Aside from this, geopolitical events continued to drive oil prices. Ukraine attacked Russian refineries, causing a fire at an oil refinery on Wednesday. Russian President Vladimir Putin said it was an attempt to disrupt Russia’s presidential election.

Meanwhile, the Organization of the Petroleum Exporting Countries (OPEC) stuck to its forecast for oil demand growth of 2.25 million barrels per day in 2024, which exceeded analysts' forecasts.

On Thursday, the International Energy Agency (IEA) is expected to update its figures, which are expected to be lower than OPEC’s.

Besides those factors, speculations that major central banks would begin to cut borrowing costs might drive WTI prices higher. Once the Federal Reserve begins to ease policy, the Greenback would be under pressure, favoring an upside in oil prices.

 

WTI Oil FAQs

WTI Oil is a type of Crude Oil sold on international markets. The WTI stands for West Texas Intermediate, one of three major types including Brent and Dubai Crude. WTI is also referred to as “light” and “sweet” because of its relatively low gravity and sulfur content respectively.
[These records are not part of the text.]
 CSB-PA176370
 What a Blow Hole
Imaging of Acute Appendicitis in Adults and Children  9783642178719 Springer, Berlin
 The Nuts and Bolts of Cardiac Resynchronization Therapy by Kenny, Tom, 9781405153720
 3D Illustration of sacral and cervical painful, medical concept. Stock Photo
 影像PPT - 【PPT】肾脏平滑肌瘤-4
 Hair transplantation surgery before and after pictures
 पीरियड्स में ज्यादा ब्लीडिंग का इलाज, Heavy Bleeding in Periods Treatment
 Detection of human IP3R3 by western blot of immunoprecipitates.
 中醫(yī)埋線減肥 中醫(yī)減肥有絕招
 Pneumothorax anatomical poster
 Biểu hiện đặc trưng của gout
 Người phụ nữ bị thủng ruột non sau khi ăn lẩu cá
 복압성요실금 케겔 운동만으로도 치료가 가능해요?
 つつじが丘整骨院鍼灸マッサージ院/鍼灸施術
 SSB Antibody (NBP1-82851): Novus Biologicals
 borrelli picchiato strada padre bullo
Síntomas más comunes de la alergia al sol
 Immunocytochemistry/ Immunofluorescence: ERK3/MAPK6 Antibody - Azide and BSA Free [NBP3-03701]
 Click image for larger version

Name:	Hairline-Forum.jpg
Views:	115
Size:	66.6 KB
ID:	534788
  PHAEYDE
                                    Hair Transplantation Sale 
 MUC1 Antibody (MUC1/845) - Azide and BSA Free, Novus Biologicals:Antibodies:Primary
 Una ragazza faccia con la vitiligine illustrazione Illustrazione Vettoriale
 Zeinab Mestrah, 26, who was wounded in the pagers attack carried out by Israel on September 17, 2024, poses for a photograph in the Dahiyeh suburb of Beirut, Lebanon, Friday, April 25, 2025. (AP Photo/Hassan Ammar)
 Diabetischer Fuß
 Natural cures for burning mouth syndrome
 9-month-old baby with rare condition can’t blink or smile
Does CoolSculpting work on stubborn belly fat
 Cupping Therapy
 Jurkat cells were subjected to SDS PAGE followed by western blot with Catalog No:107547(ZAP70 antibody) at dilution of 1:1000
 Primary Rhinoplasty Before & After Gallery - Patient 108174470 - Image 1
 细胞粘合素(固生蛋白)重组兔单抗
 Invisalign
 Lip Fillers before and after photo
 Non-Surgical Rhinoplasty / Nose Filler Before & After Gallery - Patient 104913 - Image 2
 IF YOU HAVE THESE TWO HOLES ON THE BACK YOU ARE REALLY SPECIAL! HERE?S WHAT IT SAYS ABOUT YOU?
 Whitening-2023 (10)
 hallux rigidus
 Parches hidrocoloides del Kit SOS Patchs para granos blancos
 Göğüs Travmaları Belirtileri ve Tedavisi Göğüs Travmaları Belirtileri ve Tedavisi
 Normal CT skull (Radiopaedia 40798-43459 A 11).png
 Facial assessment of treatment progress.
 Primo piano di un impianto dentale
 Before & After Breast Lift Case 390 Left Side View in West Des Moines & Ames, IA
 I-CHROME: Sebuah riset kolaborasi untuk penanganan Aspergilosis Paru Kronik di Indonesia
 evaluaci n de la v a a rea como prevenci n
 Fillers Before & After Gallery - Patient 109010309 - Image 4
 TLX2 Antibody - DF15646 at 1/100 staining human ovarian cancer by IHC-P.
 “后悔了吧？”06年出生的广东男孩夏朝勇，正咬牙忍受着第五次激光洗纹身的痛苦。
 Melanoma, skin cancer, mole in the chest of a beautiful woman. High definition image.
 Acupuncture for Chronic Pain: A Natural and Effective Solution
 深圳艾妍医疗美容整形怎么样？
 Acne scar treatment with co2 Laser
It is considered a high quality Oil that is easily refined. It is sourced in the United States and distributed via the Cushing hub, which is considered “The Pipeline Crossroads of the World”. It is a benchmark for the Oil market and WTI price is frequently quoted in the media.

Like all assets, supply and demand are the key drivers of WTI Oil price. As such, global growth can be a driver of increased demand and vice versa for weak global growth. Political instability, wars, and sanctions can disrupt supply and impact prices. The decisions of OPEC, a group of major Oil-producing countries, is another key driver of price. The value of the US Dollar influences the price of WTI Crude Oil, since Oil is predominantly traded in US Dollars, thus a weaker US Dollar can make Oil more affordable and vice versa.

The weekly Oil inventory reports published by the American Petroleum Institute (API) and the Energy Information Agency (EIA) impact the price of WTI Oil. Changes in inventories reflect fluctuating supply and demand. If the data shows a drop in inventories it can indicate increased demand, pushing up Oil price. Higher inventories can reflect increased supply, pushing down prices. API’s report is published every Tuesday and EIA’s the day after. Their results are usually similar, falling within 1% of each other 75% of the time. The EIA data is considered more reliable, since it is a government agency.

OPEC (Organization of the Petroleum Exporting Countries) is a group of 13 Oil-producing nations who collectively decide production quotas for member countries at twice-yearly meetings. Their decisions often impact WTI Oil prices. When OPEC decides to lower quotas, it can tighten supply, pushing up Oil prices. When OPEC increases production, it has the opposite effect. OPEC+ refers to an expanded group that includes ten extra non-OPEC members, the most notable of which is Russia.